The Great Appropriation | La grande appropriation (2020-ongoing)
Exhibition
In many non-Indo-European languages, there is no word for the noun land, void of all material substances and social relations. For example, indigenous highlanders in the Indonesian island of Sulawesi have words that refer to more specific qualities, such as soil, primary forest, tilled garden, grassy patch or barren zone.

When Europeans began seeking control over territories beyond their own, they brought with them their manner of dwelling and sought to impose property regimes on colonial settlements, based on clearly demarcated territories inscribed in legal documents. These regimes were grounded in a logic that combined a geometrical framing of space along with its simultaneous appropriation, a process that led to a fundamental redrawing of the ways that human and nonhuman collectives relate to the land, and to each other.

Such forms of territorialisation were made possible at the turn of the 16th century by new modes of inscription - mapping and surveying - that transformed the concept of land from something concrete and relational into something fundamentally abstract. Reduced to pure geometry, any land could be measured and described in precise, mathematical terms. Coloured squares and rectangles stood-in for complex milieus, erasing everything beyond a two-dimensional plane.

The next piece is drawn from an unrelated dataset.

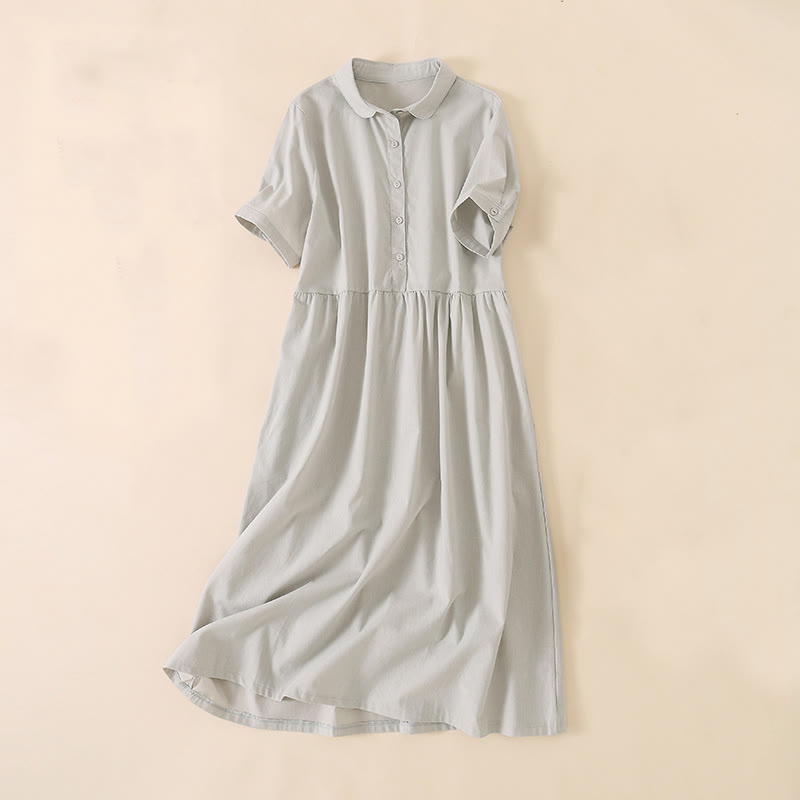 Buddha Stones Sommer-Knopf-Design, kurzärmeliges Midikleid aus Baumwolle und Leinen mit Taschen
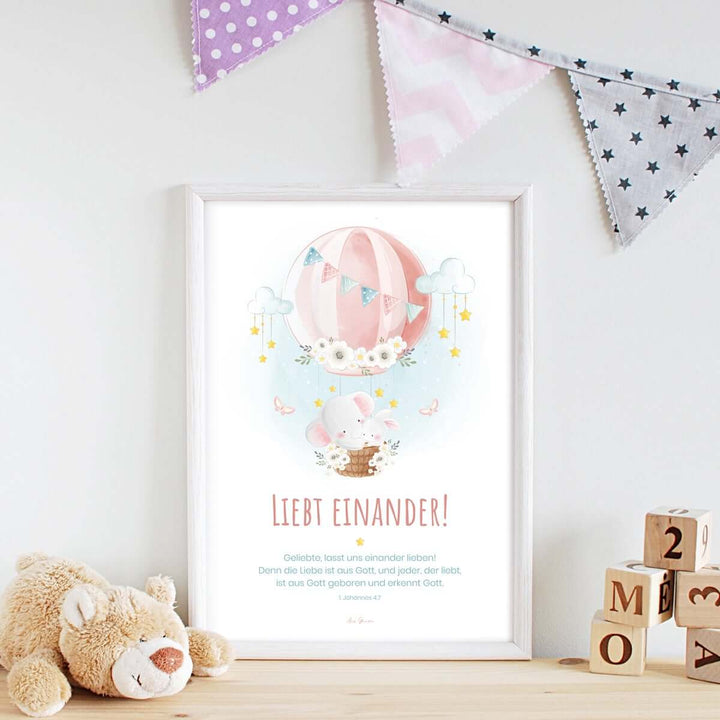 Poster "Liebt einander" · A3 / A4 · Kinderzimmer – Aus Gnade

Drawn to scale, the map and the cadastral survey made it possible to view territory as disembedded from lived experience and social relations. Presented as something that could be marked and divided, cut-out from the interconnectedness of the world, such technologies facilitated the displacement and dispossession of peoples, plants, animals, and other life forms through the establishment of a system of agriculture and extraction connected to global commerce.

On Turtle Island, or what they called New France, the settlers referred to the making and marking of territory as the seigneurial system - an institutionalised form of land appropriation, distribution and occupation. It was a commercial company, the Compagnie des Cent-Associés, which was first granted the right to allocate areas of this territory from the Arctic to Florida. After France ceded this land to Britain in a treaty signed in Paris in 1763, the British township system took over the task of opening up new land for colonization.

La grande appropriation is an installation that consists of more than three hundred sculptures, each representing a particular seigneurie or township. While the French preferred elongated rectangles, the British where happiest with squares. The violence of this appropriation is historical, but the current ecological crisis and inequalities in access to and governance of the land, are linked to its ontological, technical and legal foundations.


La grande appropriation, 2020-ongoing, installation: bamboo, acetate, thread, mesh. Installation view, Grantham Foundation for the Arts and the Environment, Saint-Edmond-de-Grantham, Quebec.